How to make list comprehension faster?-CodePudding

How can I make my code faster? The code performs poorly for large input

Input: texts (list of lists)

texts = [['HAMLET', 'HAMLET', 'THE', 'THE', 'THE']]

Output: replace all strings in texts that appear less than 3 with R

modified_texts = ['R', 'R' ,'THE', 'THE', 'THE']

This is what I have so far:

flat_texts = [item for sublist in texts for item in sublist]
modified_texts = []
for x in set(flat_texts):
 if flat_texts.count(x) < 3:
   while x in flat_texts:
     modified_texts = [item.replace(x,"R") for item in flat_texts]
return modified_texts

CodePudding user response：

You can use collections.Counter, and ... if ... else ... clause:

from collections import Counter

texts = [['HAMLET', 'HAMLET', 'THE', 'THE', 'THE']]
texts_flat = [x for sublist in texts for x in sublist]

counter = Counter(texts_flat)
output = [x if counter[x] >= 3 else 'R' for x in texts_flat]
print(output) # ['R', 'R', 'THE', 'THE', 'THE']
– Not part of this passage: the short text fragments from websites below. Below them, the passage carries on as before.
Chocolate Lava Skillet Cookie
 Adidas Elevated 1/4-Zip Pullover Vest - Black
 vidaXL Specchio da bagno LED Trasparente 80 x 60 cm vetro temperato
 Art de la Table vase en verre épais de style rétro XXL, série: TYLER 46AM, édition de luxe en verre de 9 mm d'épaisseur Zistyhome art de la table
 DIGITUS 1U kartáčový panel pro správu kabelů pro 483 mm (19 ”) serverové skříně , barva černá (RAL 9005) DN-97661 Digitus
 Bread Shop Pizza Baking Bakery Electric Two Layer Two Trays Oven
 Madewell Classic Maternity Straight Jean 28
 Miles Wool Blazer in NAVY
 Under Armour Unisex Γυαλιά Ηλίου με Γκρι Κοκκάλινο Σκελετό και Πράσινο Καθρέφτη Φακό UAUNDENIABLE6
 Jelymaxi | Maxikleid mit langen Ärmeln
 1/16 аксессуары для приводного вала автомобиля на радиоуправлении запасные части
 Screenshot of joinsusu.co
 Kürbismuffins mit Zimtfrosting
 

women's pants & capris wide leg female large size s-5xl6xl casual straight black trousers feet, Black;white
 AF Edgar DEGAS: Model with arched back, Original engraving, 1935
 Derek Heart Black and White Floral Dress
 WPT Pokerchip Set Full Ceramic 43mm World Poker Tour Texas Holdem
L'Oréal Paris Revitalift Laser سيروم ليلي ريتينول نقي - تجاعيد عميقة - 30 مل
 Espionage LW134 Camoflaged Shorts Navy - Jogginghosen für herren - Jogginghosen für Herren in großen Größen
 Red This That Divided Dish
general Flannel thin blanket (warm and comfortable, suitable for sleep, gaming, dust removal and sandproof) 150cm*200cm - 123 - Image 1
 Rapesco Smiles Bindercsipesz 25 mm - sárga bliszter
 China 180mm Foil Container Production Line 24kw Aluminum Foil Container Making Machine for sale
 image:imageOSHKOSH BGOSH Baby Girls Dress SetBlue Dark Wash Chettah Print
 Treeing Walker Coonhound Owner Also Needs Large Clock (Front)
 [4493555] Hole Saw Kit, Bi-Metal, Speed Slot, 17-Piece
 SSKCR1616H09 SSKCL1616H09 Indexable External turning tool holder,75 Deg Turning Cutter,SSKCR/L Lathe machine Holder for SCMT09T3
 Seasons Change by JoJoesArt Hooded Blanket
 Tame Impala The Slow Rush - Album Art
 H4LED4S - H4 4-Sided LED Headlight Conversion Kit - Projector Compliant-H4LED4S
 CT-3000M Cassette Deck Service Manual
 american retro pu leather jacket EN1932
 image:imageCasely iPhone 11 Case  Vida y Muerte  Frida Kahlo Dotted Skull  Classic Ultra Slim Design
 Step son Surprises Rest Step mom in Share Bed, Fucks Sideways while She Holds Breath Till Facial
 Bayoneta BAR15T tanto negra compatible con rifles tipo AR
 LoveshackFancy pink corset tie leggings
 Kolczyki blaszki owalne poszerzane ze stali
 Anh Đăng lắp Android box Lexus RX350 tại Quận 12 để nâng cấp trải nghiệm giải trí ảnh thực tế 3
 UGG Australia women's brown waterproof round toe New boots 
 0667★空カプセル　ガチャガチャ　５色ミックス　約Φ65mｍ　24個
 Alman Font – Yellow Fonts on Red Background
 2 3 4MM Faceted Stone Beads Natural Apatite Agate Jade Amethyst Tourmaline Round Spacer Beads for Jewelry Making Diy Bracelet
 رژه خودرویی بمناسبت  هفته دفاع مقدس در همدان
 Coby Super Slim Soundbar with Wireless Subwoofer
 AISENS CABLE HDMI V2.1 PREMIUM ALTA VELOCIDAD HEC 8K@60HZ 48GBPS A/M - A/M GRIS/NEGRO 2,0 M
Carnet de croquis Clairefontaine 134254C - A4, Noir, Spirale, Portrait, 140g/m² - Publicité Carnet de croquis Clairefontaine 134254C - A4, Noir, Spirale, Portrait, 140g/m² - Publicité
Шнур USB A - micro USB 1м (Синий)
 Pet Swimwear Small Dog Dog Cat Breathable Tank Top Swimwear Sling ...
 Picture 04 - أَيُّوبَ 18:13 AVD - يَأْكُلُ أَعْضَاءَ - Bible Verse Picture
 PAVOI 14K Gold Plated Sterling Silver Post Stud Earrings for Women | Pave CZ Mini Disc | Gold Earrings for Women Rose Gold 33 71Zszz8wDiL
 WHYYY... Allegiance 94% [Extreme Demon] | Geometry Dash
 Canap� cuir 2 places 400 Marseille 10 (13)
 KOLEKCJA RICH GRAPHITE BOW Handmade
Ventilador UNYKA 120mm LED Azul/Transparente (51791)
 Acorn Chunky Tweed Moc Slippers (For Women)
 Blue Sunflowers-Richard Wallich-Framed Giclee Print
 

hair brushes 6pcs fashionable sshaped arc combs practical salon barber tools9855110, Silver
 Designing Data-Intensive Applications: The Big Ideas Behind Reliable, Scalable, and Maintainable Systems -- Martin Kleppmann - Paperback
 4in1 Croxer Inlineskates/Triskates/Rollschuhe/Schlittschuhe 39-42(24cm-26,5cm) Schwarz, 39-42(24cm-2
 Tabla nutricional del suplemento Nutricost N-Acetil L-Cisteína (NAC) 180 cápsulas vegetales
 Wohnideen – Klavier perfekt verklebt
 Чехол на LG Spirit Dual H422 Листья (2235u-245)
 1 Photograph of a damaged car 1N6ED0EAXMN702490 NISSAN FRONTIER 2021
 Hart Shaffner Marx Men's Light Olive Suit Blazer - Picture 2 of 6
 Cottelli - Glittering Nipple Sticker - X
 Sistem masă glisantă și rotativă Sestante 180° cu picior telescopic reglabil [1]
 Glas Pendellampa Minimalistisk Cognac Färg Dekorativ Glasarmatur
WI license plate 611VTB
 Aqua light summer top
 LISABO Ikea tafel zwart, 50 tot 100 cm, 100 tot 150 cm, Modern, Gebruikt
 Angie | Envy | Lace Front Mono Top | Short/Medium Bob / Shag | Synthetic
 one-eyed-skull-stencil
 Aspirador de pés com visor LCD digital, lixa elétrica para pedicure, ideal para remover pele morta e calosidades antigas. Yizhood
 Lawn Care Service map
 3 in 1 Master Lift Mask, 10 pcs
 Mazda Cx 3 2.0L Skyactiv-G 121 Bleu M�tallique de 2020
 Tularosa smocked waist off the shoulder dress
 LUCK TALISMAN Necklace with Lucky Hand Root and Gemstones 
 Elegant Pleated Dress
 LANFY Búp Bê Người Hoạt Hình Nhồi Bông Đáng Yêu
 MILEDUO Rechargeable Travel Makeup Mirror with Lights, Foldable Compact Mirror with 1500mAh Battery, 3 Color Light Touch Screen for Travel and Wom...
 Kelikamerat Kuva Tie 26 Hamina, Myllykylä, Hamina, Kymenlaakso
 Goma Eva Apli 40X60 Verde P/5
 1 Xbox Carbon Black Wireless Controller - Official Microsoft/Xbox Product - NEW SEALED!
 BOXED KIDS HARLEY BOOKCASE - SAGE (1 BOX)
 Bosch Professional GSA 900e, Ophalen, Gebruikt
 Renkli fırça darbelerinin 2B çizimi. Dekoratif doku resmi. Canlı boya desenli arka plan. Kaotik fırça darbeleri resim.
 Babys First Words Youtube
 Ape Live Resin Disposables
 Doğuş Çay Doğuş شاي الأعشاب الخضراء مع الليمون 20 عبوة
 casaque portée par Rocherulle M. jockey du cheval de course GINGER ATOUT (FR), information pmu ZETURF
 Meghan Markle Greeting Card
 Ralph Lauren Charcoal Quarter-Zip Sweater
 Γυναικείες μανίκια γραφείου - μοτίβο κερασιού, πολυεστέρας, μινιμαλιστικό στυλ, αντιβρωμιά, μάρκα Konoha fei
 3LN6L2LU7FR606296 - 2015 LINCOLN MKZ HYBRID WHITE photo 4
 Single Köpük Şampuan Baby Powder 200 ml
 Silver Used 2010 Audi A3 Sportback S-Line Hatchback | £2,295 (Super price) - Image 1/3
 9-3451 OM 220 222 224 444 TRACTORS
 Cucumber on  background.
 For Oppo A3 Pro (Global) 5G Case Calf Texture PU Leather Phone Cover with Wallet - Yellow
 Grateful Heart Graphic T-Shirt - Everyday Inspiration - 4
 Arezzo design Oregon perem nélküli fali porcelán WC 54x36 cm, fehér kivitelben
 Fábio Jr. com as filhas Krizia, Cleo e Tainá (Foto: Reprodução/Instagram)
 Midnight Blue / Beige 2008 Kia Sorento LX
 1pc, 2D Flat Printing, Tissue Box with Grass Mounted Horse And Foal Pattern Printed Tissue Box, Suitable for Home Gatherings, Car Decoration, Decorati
CodePudding user response：

You could use itertools.chain to flatten the list and collections.Counter to count the occurrences. Then a list comprehension to change the elements:

from itertools import chain
from collections import Counter

c = Counter(chain.from_iterable(texts))
texts2 = [['R' if c[e]<3 else e for e in l]
          for l in texts]

Output: [['R', 'R', 'THE', 'THE', 'THE']]

flat output variant

from itertools import chain
from collections import Counter

c = Counter(chain.from_iterable(texts))
texts2 = ['R' if c[e]<3 else e for l in texts
          for e in l]

Output: ['R', 'R', 'THE', 'THE', 'THE']